- WORK ORDER:
Repeat all the lines below exactly, but omit the pictures.

- SUPPLIED MATERIAL:
****************
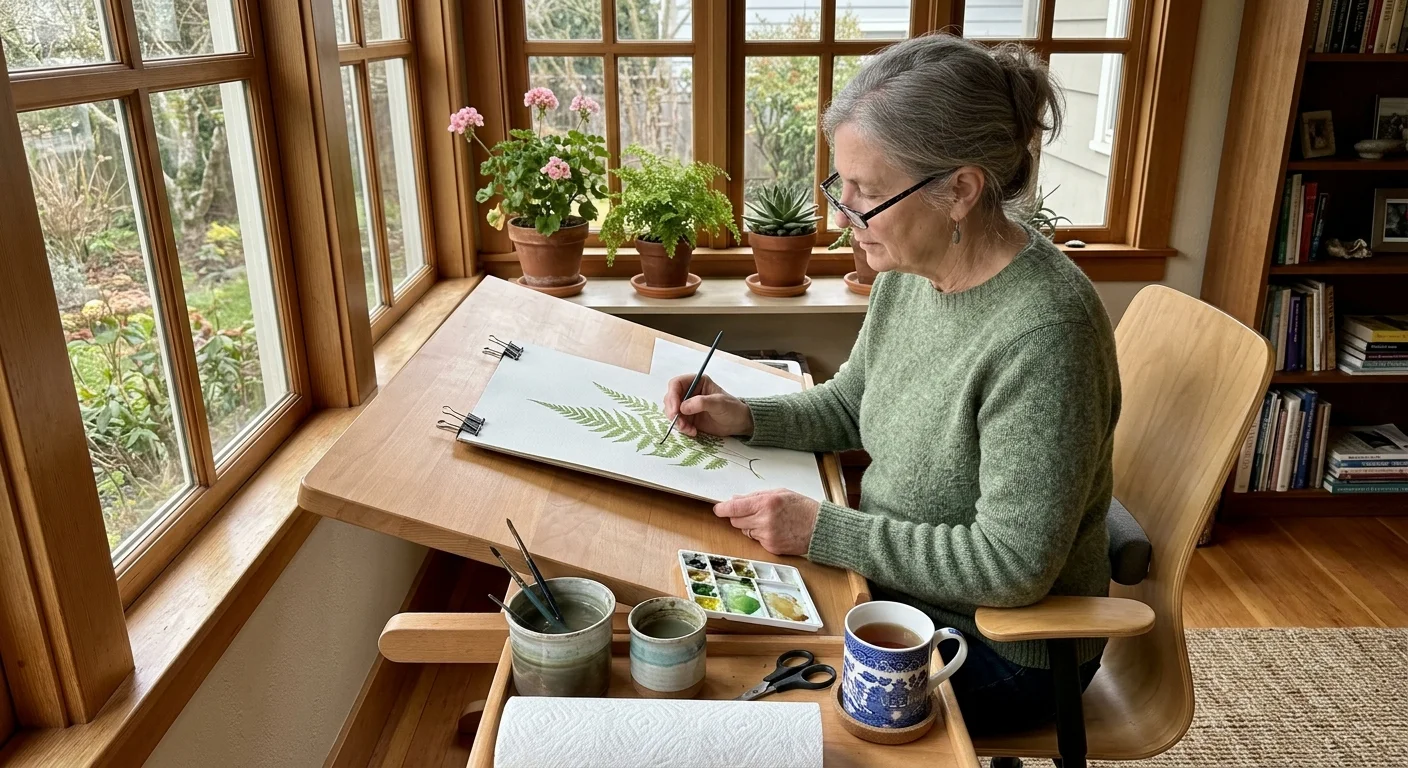 A woman sits at a tilted wooden drafting desk by a sunny bay window, painting green fern leaves with watercolors.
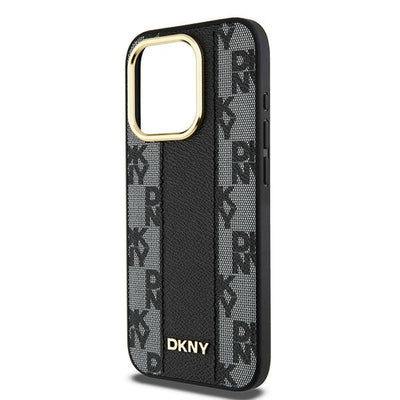 DKNY Leather Checkered Mono Pattern MagSafe iPhone 15 Pro Max Case - Black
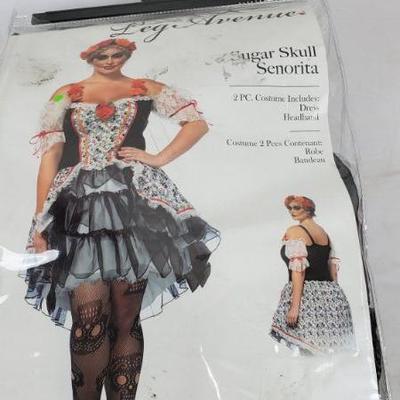 Sugar Skull Senorita, Adult Plus Size 3X/4X, Includes: Dress & Headband - New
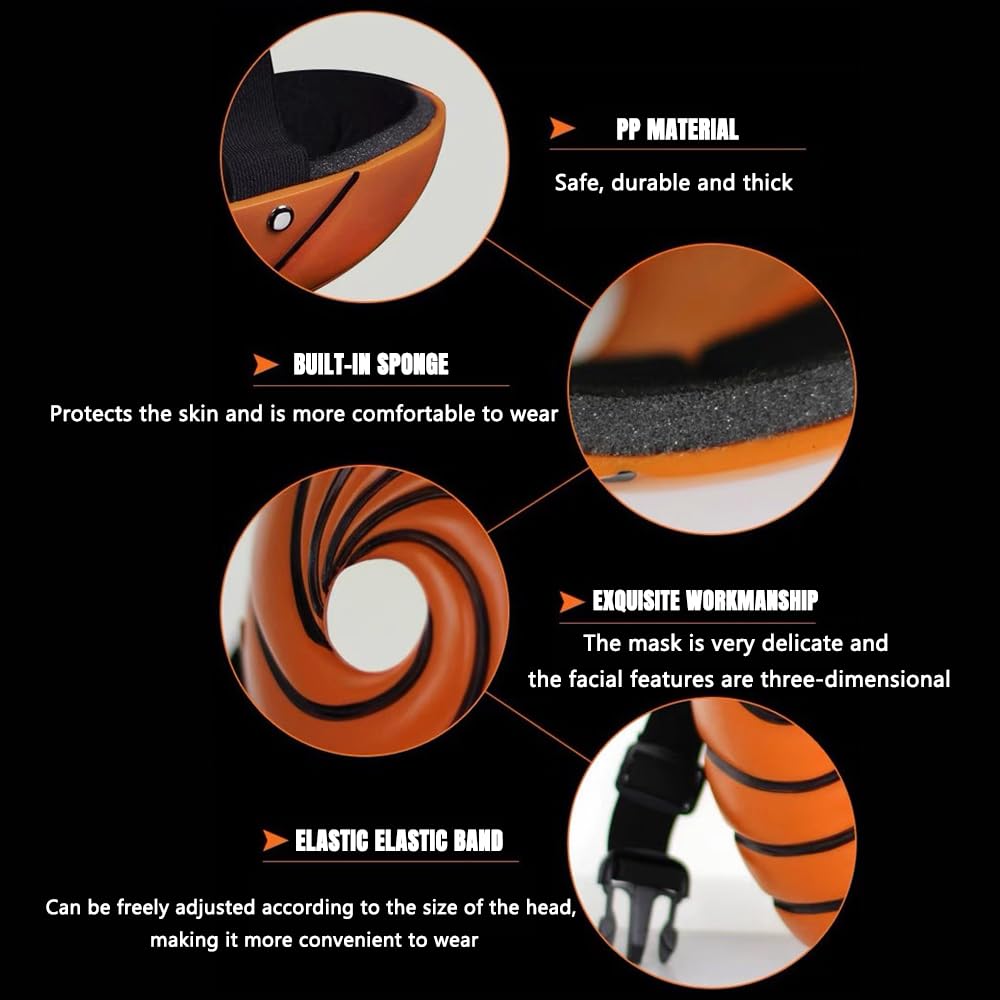 Cosplay Mask for Men and Women Anime Obito Mask Halloween Costume Props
****************
- SOLUTION TO THE PROBLEM:
 A woman sits at a tilted wooden drafting desk by a sunny bay window, painting green fern leaves with watercolors.
 DKNY Leather Checkered Mono Pattern MagSafe iPhone 15 Pro Max Case - Black
 Sugar Skull Senorita, Adult Plus Size 3X/4X, Includes: Dress & Headband - New
 Cosplay Mask for Men and Women Anime Obito Mask Halloween Costume Props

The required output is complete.